故障现象:
mgr的主库网络不可达UNREACHABLE,ssh也无法连接主机


2024-03-12T00:50:51.241803+08:00 0 [Warning] [MY-011493] [Repl] Plugin group_replication reported: 'Member with address 192.168.1.51:3307 has become unreachable.'
2024-03-12T00:50:51.241956+08:00 0 [ERROR] [MY-011495] [Repl] Plugin group_replication reported: 'This server is not able to reach a majority of members in the group. This server will now block
all updates. The server will remain blocked until contact with the majority is restored.

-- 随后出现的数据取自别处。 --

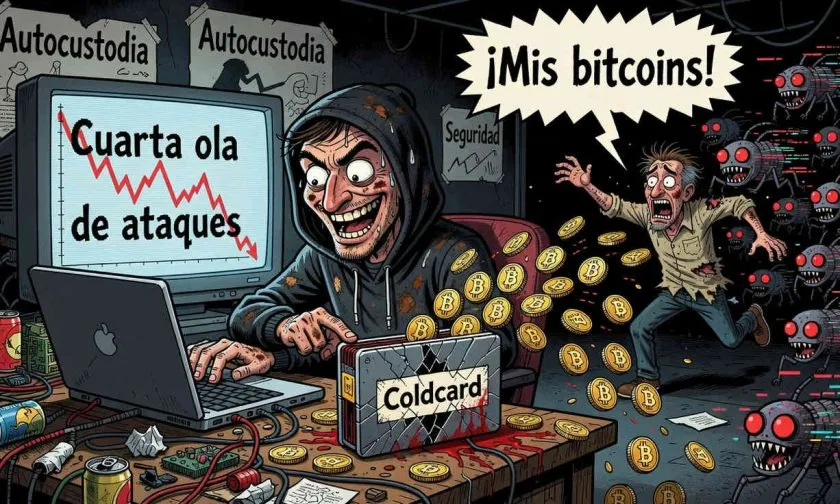Cuarta ola de ataques a Coldcard: más de 800 billeteras drenadas y pérdidas por 486 BTC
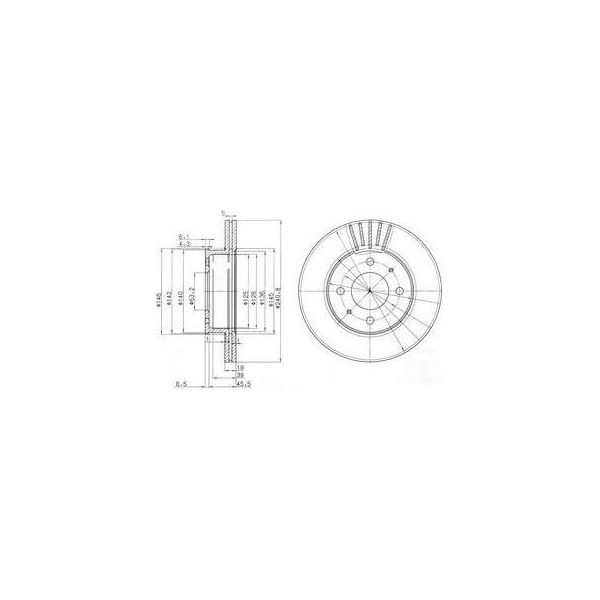 Dr!Ve+ DP1010.11.0817 - Oe 51712 25060 Disco Freno, Asse Anteriore Per Accent Ii (Lc), Accent I (X-3)-image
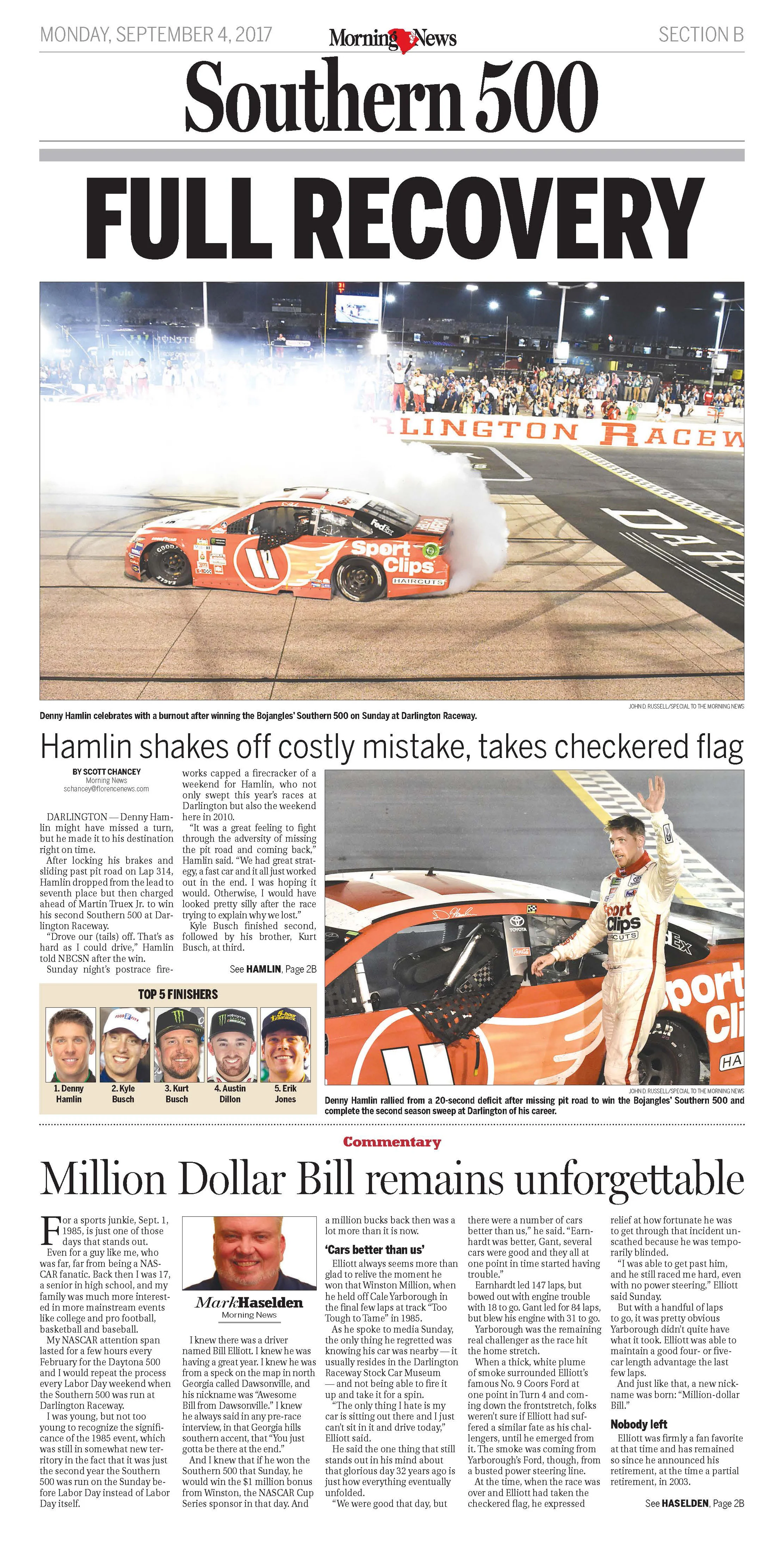 Southern 500: 70 Years of Thrills and Chills, Drama and Dents at Darlington Raceway - Image 14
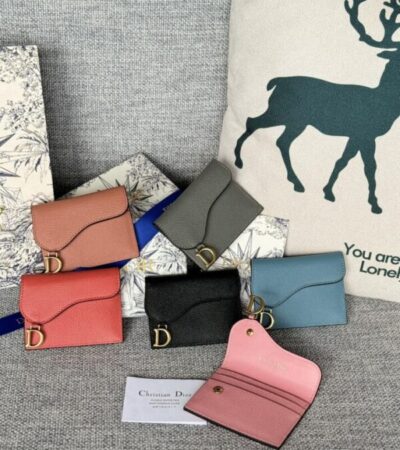 Replica Dior Saddle Flap Card Holder - Best Fake Designer Bags
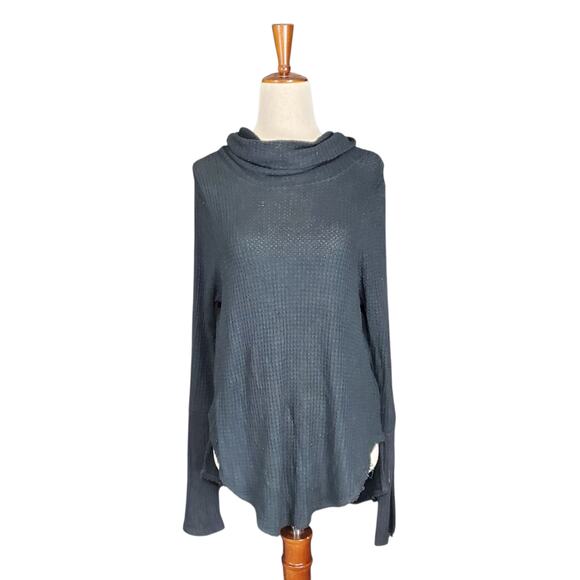 We The Free Tops - We The Free Black Cowl Neck Long-Sleeved Tunic Top - Small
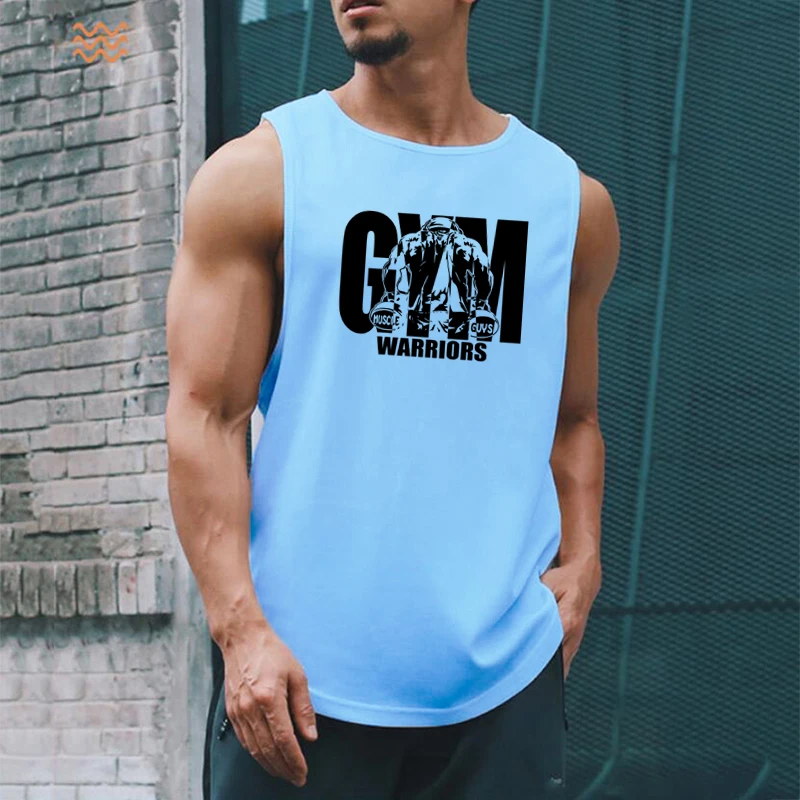Summer Gym T-shirts Mesh Singlets Bodybuilding Stringer TankTop Men Fitness Shirt Muscle Sleeveless basketball Quick-drying Vest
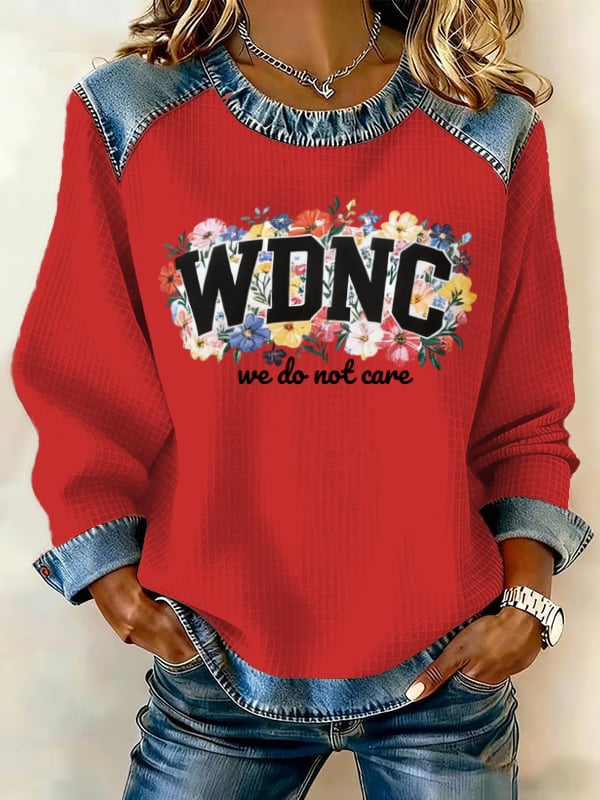 Women's Retro Funny Proud Member Of Club We Do Not Care Menopause Perimenopause Print Sweatshirt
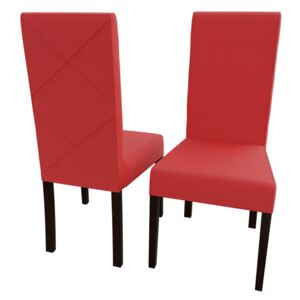 Židle JK2, Barva dřeva: ořech, Potah: ekokůže Soft 010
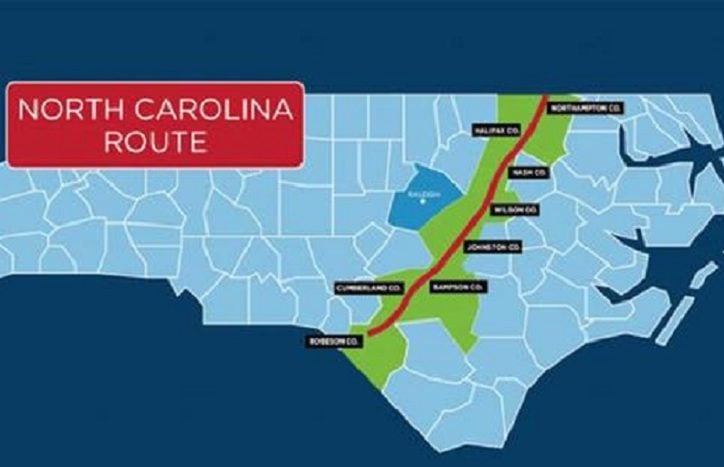 Rendering of the proposed Atlantic Coast Pipeline (Image: NCDEQ)
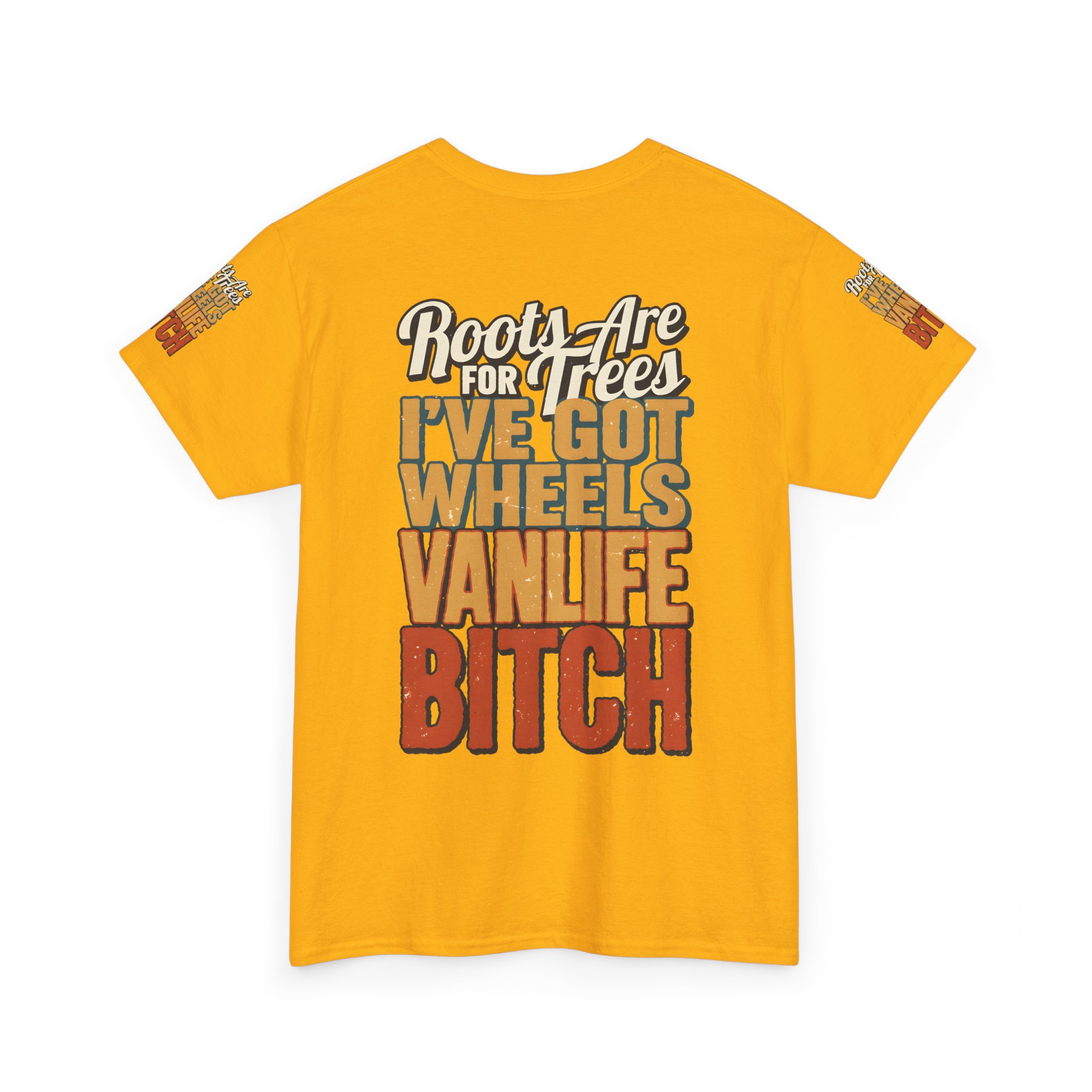 Unisex Heavy Cotton Tee — "Roots Are For Trees" Design F**K-Line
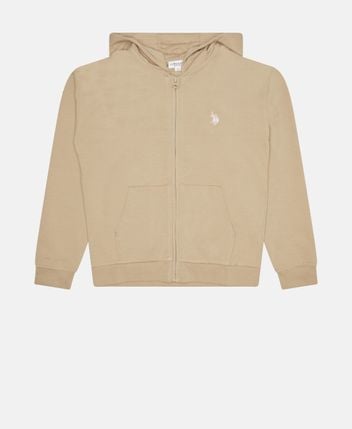 Hooded sweat jacket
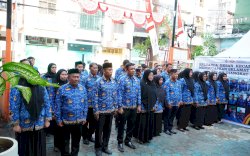 Sekcam Wajo Tekankan Disiplin dan Kebersihan pada Apel Pagi, Usai Pelantikan PPPK Paruh Waktu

It is possible to use group_replication_force_members to force a new group membership.'
mgr两节点,主备状态,由于主库系统故障网络异常,现决定将备库提升为主库,确保应用任务能继续进行。
处理思路如下:
- 尝试切换主库,失败
- 停止复制进程
- 检查gtid,后续主库恢复可参考比较大小值
- 启动复制引导为主库
- 检查gtid,后续主库恢复可参考比较大小值
- 检查浮动IP已切换正常。
详细处理过程日志如下:
>ssh root@192.168.1.52 -o ServerAliveInterval=60
root@192.168.1.52's password:
Last login: Tue Mar 12 09:35:33 2024 from 192.168.1.33
[root@ycla ~]# mysql -uroot -pxxx -Dxxx
mysql: [Warning] Using a password on the command line interface can be insecure.
Reading table information for completion of table and column names
You can turn off this feature to get a quicker startup with -A
Welcome to the MySQL monitor. Commands end with ; or \g.
Your MySQL connection id is 21807
Server version: 8.0.36 MySQL Community Server - GPL
Copyright (c) 2000, 2024, Oracle and/or its affiliates.
Oracle is a registered trademark of Oracle Corporation and/or its
affiliates. Other names may be trademarks of their respective
owners.
Type 'help;' or '\h' for help. Type '\c' to clear the current input statement.
mysql> select * from performance_schema.replication_group_members;
+---------------------------+--------------------------------------+-------------+-------------+--------------+-------------+----------------+----------------------------+
| CHANNEL_NAME | MEMBER_ID | MEMBER_HOST | MEMBER_PORT | MEMBER_STATE | MEMBER_ROLE | MEMBER_VERSION | MEMBER_COMMUNICATION_STACK |
+---------------------------+--------------------------------------+-------------+-------------+--------------+-------------+----------------+----------------------------+
| group_replication_applier | 773123a4-daad-11ee-930b-3009f923fbf1 | 192.168.1.51 | 3307 | UNREACHABLE | PRIMARY | 8.0.36 | XCom |
| group_replication_applier | b2b77622-daad-11ee-a732-3009f925119f | 192.168.1.52 | 3307 | ONLINE | SECONDARY | 8.0.36 | XCom |
+---------------------------+--------------------------------------+-------------+-------------+--------------+-------------+----------------+----------------------------+
2 rows in set (0.00 sec)
mysql> select group_replication_set_as_primary('b2b77622-daad-11ee-a732-3009f925119f');
ERROR 1123 (HY000): Can't initialize function 'group_replication_set_as_primary'; Member must be ONLINE and in the majority partition.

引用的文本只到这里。